Rediscovering Goucher’s Lost Museum is an exhibition that has encouraged a large-scale collaboration among multiple departments at the college.  Drawing inspiration from Steven Lubar’s The Lost Museum at Brown University, the exhibition highlights student and faculty research into the former Museum of the Woman’s College of Baltimore that was once nationally prominent.  Supported by a National Endowment for the Humanities grant and the opportunity to work with Mark Dion as a visiting artist in Spring and Summer of 2021, the show retells a complicated history of 19th-century museum practices; gives voice to marginalized communities and cultures; and explores shifting perspectives on the display of artifacts and specimens in the 21st century museum.  Pieces from the original museum collection are interspersed with a student-designed diorama and Wunderkammer, and contemporary artworks by Jackie Milad, Kaitlin Murphy and Katie Wolfe

Baltimore-based artist Jackie Milad confronts the prevalence of ancient Egyptian objects of cultural heritage and human remains that have been collected and presented by Western museums and academic institutions under previously accepted historical norms that today we acknowledge as inappropriate.

Her installation consists of three pieces titled “Stolen” (largest) and “1/350 27” (two suspended pieces). The titles locate Goucher’s Egyptian artifacts as one collection among 350 in 27 countries.

Kaitlin Murphy’s work draws parallels between the omissions of credit and acknowledgement of collaborators by John James Audubon to field research conducted in the early days of the Woman’s College. Completion of Audubon’s work hinged on the voluntary labor of a talented female artist, and the systemic structures that supported the interests of white men, including the labor of enslaved people. The leger of Goucher’s (WCB’s) former museum similarly credits fossil specimens to the class of a male professor, rather than the female student who made the discovery.

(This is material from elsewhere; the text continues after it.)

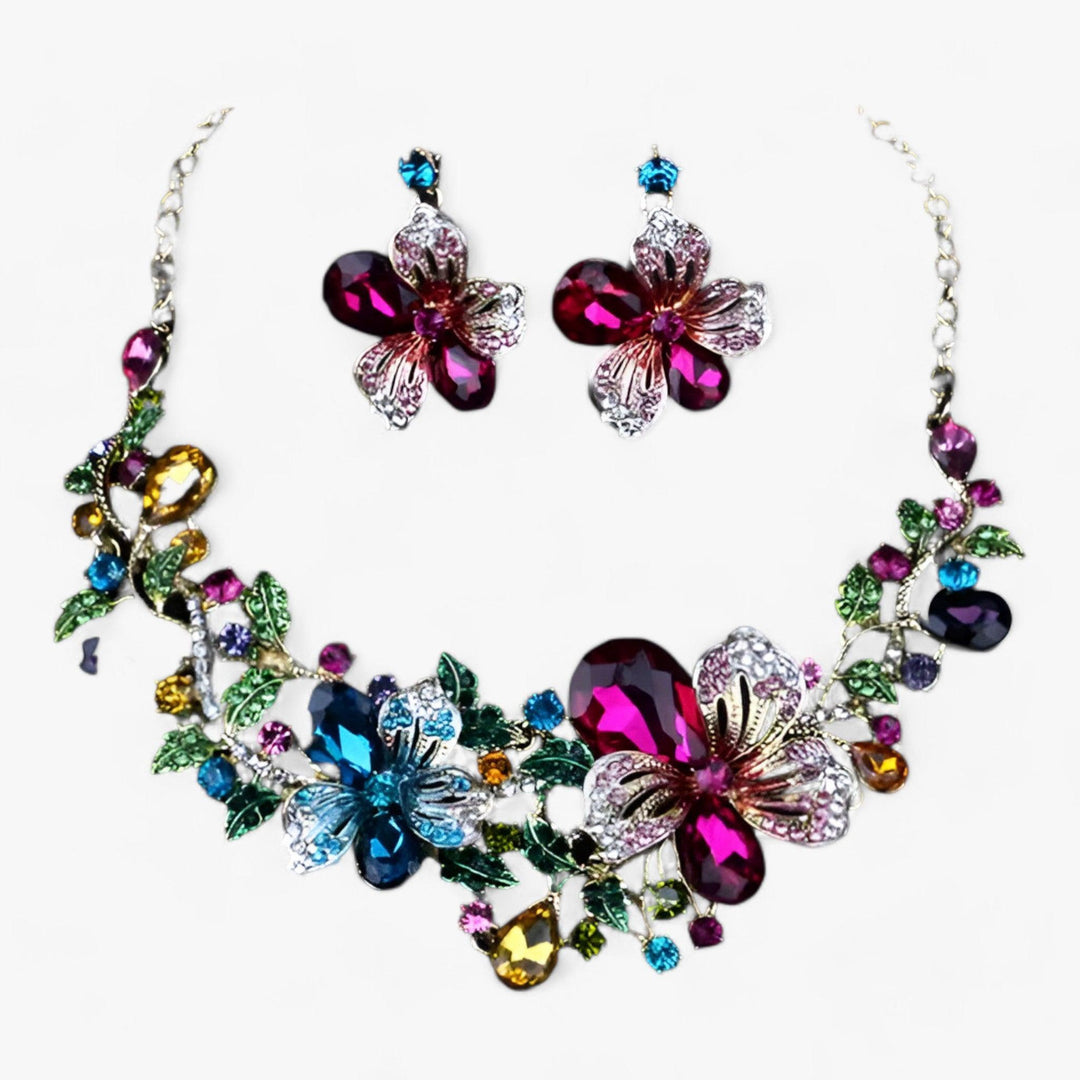 Bridal jewellery set with Enamel Flowers - Fleur-Mixed-The Livary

Katie Wolfe presents a number of 3D printed scans of classical sculptures and teaching aids used at MICA for figure sculpture, as well as those made available through museums and open sources file sharing platforms. As the traditional methods of casting were phased out of the MICA curriculum, many of the institution’s sculptures were lost to damage or neglect.  Katie’s work illustrates the precarity of institutional collections and their reliance on limited members of the faculty to incorporate them into learning.  Goucher’s classical sculptures, documented in their downtown campus and images of art classes, did not make the trip to the county campus, and there is no record of where they went.